SOURCE DATA:
════

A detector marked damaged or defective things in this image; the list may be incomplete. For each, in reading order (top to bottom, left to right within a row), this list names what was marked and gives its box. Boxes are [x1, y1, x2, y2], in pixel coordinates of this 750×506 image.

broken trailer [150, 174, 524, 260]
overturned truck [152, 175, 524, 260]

════

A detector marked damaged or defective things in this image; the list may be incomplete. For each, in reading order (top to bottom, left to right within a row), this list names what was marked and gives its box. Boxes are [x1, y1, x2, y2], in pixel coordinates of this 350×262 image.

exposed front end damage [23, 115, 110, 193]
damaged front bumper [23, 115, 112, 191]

════

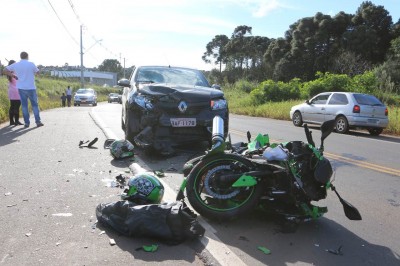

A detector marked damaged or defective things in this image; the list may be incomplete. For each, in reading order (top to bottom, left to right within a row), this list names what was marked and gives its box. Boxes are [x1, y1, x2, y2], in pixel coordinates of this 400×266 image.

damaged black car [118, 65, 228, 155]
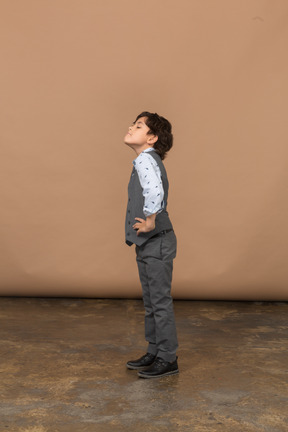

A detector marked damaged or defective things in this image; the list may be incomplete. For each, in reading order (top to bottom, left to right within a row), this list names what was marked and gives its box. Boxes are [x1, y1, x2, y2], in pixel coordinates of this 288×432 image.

════

THE TASK: Above are some records; extract exactly the lines from the one containing "this 400×266 image." through the one containing "this 288×432 image." and drop the pictures.

REPLY:
A detector marked damaged or defective things in this image; the list may be incomplete. For each, in reading order (top to bottom, left to right within a row), this list names what was marked and gives its box. Boxes are [x1, y1, x2, y2], in pixel coordinates of this 400×266 image.

damaged black car [118, 65, 228, 155]

A detector marked damaged or defective things in this image; the list may be incomplete. For each, in reading order (top to bottom, left to right within a row), this list names what was marked and gives its box. Boxes are [x1, y1, x2, y2], in pixel coordinates of this 288×432 image.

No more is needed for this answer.